Flaky Test Process


Overview

Having dependable test suites is a requirement for decreasing time to value through more frequent edx-platform deployments. This translates to flaky tests no longer being an acceptable nuisance.  Instead, our tests need to be 100% trustworthy in our Continuous Integration (CI) and (near)-Continuous Deployment (CD) systems.

What is a flaky test? A flaky test is one that sometimes passes and sometimes fails. Most flaky tests are flaky because of how the test was written, and not due to an actual bug. However, that is not a certainty.

The flaky test process is to delete the flaky test using the process defined below.

Consequences of this process

This process has the following consequences:

  • Test suites become dependable. We can rely on them for deployments. You can rely on them with your PRs.

  • We save lots of people and compute resources that were wasted on flaky tests.

  • We no longer pretend like flaky tests are a safety net against bugs.

  • There is a potential increase in risk for improved time to value.

  • Product development teams will continue to balance the risk vs reward of fixing the test, and determine how to move forward, without the above costs.

How do I know I have encountered a flaky test?

If you have encountered a test that both fails and passes on the same commit, then the test is flaky.

If the flakiness is related to the code changes in your PR:

  • Ensure you didn't introduce a new flaky test. If so, fix it.

  • Ensure your code doesn't have a bug related to timing. If it does, fix the bug.

  • Ensure your code didn't cause a test to become flaky. If it did, either fix the test or follow this process as appropriate.

If the flaky test is unrelated to your code changes, follow the rest of this process in order.

Step 1: File a flaky bug ticket in Github:

  1. Old flaky_test tickets still need to be migrated from Jira to Github.

    1. See 2U-private link: https://2u-internal.atlassian.net/issues/?filter=10600

  2. As of Oct 8, 2024, the flaky-test label is being added in https://github.com/openedx/repo-tools/pull/566, but had not yet landed.

  1. Check if someone is already following this flaky test process at the same time:

    1. Search for an existing Github ticket about this issue using the flaky-test label.
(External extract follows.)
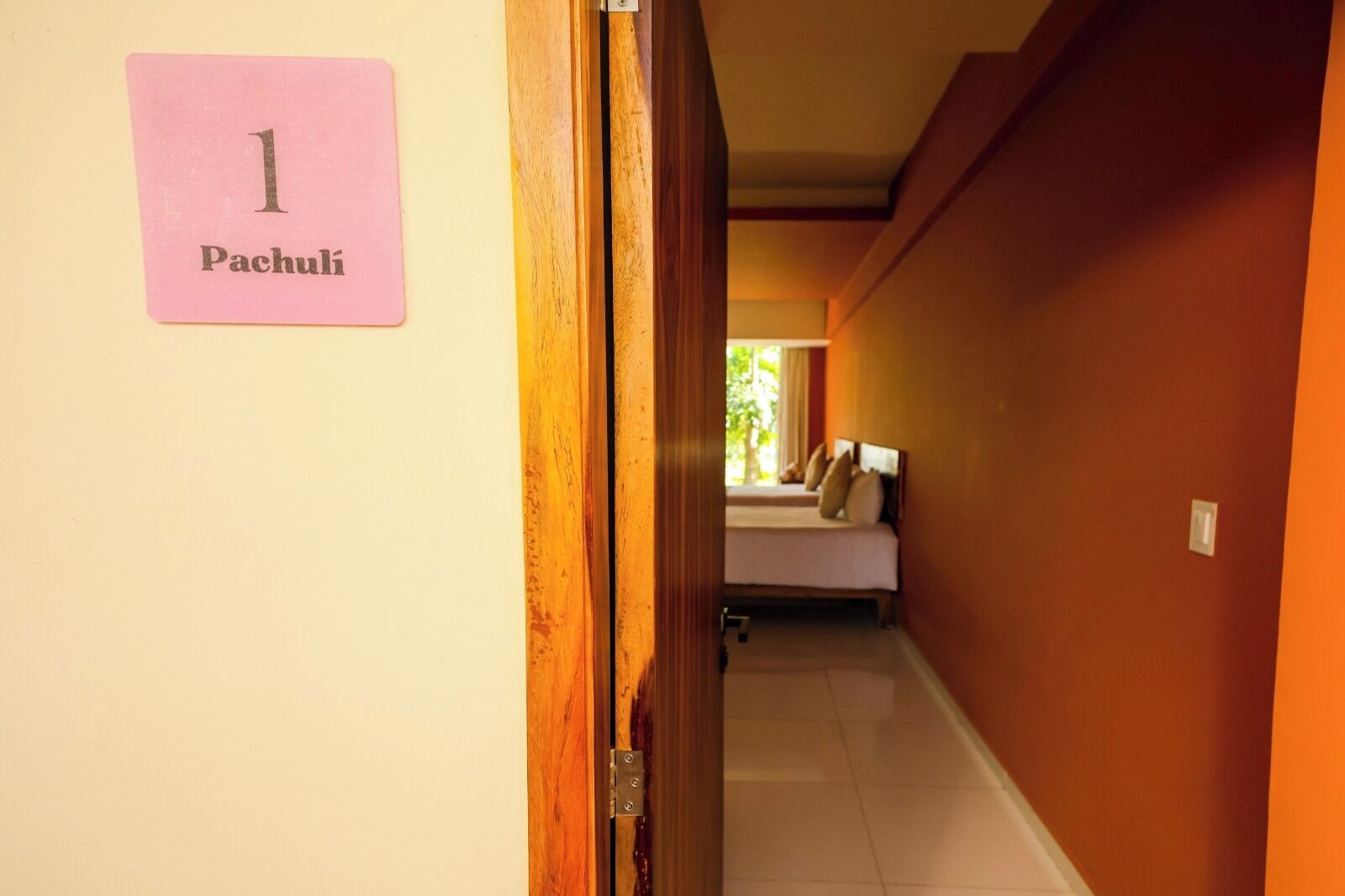 A hallway with a sign reading "1 Pachuli" on the left, leading to a room with a bed and a window.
      1. Github search for flaky tests.

    2. Search on Github to see if the test was already deleted.

  2. Create (or update) a Github ticket with the following information:

    1. Create a ticket in the corresponding repo.

      1. [idea] Consider creating an openedx Issue template for flaky tests.

    2. Title: Something like "<testclass testcase> fails intermittently"

    3. Labels: At a minimum flaky-test label (this is needed for searches)

    4. Description: Include the following:

      1. A link to a failed build in GitHub Actions.

      2. A link to a passing run for the same commit.

      3. The Error Message and Stacktrace for a failed test.

        1. You should include this text in the Github ticket so it is searchable to others.

        2. Wrap each of these using code-formatting in the text.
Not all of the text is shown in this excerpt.